Madison King Gray / Photo by Breonny Lee
By Taylor Adams Cogan
When Madison King Gray picked up a guitar at age 8, she was taking a simple step that would shape her future in Dallas, first as a musician, then as a culinary talent.
Going to a private school downtown, Madison and her group of musician friends started going to shows at The Door around ninth grade. From that moment on, Deep Ellum became her second home. By age 20, she was performing her own music in shows throughout the neighborhood.
The singer/songwriter and guitar player would go on to release two albums, several singles, and an EP, carving out space for herself in the country genre. As the Dallas Observer once wrote:
“In a traditionally male-dominated Texas country music industry, Madison King is a guitar-picking lyricist who, as we pointed out in April 2014, ‘brings a unique timbre and color to the state that sets her apart from the rest, especially in soulful tunes.’”
Her first album release show was at City Tavern – when it was still on Main Street downtown – and her second was at Trees.
“Deep Ellum has always been our gathering place, and a place where, if you were the odd man out in your corner of the world, you felt accepted,” she says. “You saw people who were like you, but just as different as you were, or more. It was inspiring and affirming for me, being very much the black sheep of my very Christian community, but seeing this whole world of people over there.”
Her beautiful sound carried her from West End to Exposition Avenue, and soon beyond Dallas, playing short regional tours and sharing the stage with the Old 97’s.
“I toured for just about a year. I was mostly local all over Dallas, but I could never really get on board with the road life,” she says.
She had realized this before the pandemic hit, slowing down her touring. When COVID landed, it pushed her into musical retirement.
“I didn’t really get my grand exit, but it was fine,” she says. “It was good while it lasted.”
Even during her music career, Madison was known for other talents, like making one of the best Manhattans in the city at Twilite Lounge on Elm Street.
“I was Day 1 at Twilite,” she says, where she’d also meet the great Chef Jennie Kelley.
At the time, Jennie – a musician herself, having been a founding member of The Polyphonic Spree – was running Frank Underground, a pop-up dinner series that an email list of 20,000 people would try to snag seats to experience.
“She was like, ‘Hey, would you like to come help me out? I’d cook,’” Madison says. “I worked there four years – I was their sous chef.”
Later, Madison helped Jennie and her husband open Fond in Dallas, but for only a few months, so she could focus on her own project: not a craft cocktail concept in Deep Ellum, but a soon-to-be restaurant in Casa Linda, Be Home Soon.

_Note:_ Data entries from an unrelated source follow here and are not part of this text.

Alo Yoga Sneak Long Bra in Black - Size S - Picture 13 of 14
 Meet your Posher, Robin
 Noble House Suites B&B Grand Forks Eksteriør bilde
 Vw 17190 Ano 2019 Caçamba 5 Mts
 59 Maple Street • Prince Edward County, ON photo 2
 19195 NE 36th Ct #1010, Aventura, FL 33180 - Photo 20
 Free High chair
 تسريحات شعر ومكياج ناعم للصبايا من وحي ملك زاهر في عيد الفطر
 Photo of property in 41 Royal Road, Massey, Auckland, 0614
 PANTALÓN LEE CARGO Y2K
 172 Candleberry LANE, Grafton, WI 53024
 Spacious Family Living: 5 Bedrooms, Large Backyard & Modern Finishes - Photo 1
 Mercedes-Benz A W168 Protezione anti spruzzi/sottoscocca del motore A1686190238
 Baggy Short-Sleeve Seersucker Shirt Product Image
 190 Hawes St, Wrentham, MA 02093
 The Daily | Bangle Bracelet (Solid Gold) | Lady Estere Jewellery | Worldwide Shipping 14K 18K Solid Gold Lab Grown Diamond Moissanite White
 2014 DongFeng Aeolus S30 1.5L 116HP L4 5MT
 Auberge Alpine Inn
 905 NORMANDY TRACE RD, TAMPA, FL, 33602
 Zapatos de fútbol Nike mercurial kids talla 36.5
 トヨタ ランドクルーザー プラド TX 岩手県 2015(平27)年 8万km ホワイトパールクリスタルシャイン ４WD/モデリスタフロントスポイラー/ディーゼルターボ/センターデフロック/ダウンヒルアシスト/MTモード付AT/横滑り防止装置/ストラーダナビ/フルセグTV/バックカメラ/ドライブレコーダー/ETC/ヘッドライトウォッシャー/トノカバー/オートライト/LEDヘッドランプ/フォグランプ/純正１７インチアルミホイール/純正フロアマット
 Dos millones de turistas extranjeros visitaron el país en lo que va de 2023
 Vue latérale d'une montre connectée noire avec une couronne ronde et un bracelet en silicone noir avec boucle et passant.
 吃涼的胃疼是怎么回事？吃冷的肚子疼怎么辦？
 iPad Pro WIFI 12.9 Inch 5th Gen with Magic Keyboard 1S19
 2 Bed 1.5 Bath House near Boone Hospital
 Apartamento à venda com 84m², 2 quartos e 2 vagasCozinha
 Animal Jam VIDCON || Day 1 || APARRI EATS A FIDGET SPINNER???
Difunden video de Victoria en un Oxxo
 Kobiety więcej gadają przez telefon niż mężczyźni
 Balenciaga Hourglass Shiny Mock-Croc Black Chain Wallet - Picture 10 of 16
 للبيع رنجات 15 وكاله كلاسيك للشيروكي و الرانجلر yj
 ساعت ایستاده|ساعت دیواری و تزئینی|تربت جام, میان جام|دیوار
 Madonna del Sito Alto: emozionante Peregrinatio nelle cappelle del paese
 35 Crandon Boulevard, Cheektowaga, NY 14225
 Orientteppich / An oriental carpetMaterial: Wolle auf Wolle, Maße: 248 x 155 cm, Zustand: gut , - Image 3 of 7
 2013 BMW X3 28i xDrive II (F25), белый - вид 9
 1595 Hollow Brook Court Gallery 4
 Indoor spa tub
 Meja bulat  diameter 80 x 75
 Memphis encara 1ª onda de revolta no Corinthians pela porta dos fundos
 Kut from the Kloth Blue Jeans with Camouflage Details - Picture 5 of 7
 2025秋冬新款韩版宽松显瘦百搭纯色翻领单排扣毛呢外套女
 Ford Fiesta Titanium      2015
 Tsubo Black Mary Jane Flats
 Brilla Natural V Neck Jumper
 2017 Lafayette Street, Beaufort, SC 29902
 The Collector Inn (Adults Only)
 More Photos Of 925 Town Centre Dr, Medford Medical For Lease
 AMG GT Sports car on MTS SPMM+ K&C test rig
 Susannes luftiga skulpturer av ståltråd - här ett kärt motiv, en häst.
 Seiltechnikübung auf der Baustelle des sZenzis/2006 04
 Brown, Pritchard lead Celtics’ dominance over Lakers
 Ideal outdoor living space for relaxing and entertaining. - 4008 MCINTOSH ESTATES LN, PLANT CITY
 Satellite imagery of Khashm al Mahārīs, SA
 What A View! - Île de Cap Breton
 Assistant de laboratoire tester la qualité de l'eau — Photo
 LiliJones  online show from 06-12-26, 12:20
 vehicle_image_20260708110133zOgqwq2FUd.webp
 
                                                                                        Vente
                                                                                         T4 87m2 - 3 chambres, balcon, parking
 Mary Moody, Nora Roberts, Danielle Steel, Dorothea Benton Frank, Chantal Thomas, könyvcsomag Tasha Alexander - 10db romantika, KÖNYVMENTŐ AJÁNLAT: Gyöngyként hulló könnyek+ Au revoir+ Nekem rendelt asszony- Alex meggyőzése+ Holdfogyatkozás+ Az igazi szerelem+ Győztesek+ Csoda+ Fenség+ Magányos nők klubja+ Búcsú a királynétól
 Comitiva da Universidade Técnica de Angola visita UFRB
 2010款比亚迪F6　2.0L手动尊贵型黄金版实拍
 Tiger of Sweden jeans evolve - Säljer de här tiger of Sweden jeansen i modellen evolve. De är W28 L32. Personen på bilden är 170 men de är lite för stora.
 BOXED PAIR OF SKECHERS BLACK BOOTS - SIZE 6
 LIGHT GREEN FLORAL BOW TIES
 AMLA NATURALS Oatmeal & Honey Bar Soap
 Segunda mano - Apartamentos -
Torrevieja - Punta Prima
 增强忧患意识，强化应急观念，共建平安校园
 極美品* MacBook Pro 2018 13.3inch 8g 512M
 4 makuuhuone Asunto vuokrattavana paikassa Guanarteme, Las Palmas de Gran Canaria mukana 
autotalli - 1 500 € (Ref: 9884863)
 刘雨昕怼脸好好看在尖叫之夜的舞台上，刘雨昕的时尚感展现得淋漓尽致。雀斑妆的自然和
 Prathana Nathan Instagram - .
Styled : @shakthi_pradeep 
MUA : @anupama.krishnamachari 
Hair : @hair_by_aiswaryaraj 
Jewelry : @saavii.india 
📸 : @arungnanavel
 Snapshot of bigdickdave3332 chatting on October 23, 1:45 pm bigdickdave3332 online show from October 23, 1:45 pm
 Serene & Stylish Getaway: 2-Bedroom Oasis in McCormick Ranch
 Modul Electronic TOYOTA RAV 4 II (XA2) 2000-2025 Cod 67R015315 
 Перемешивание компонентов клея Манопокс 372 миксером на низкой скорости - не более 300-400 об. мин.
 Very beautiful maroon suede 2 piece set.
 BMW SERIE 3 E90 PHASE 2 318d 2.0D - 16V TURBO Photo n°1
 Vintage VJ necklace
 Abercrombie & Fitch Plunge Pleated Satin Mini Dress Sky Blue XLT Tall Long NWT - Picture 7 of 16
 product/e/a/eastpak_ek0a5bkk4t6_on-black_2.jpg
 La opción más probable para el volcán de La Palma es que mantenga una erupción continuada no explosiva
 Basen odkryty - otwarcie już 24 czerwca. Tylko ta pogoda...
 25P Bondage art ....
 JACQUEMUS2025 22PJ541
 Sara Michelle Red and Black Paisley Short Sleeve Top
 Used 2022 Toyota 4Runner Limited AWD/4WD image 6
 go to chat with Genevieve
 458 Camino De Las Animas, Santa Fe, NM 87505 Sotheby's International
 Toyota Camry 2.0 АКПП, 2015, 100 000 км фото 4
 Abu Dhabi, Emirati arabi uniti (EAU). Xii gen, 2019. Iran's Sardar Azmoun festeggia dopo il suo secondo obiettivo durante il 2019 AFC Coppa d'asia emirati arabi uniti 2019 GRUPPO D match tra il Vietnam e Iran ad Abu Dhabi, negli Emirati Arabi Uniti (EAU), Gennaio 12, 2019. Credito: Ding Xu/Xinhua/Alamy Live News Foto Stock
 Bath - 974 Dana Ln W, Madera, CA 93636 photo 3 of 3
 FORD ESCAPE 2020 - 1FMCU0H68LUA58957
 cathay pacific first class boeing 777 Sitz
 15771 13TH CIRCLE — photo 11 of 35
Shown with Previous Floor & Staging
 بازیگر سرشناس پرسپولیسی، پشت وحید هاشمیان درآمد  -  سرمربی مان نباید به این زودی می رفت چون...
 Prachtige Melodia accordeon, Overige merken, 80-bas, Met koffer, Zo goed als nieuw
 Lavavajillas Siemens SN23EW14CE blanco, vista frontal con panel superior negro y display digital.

“Everyone I’m doing this with, I met at Twilite. It brings me such lasting diverse relationships with so many like-minded people, being in an artistic community, I think,” she says. “You’re all drawn here for a reason, you meet good-hearted people who want to help you later down the road.”
These days, she’s building the restaurant – and raising her 2.5-year-old – with the same spirit that carried her through Deep Ellum’s stages and bars.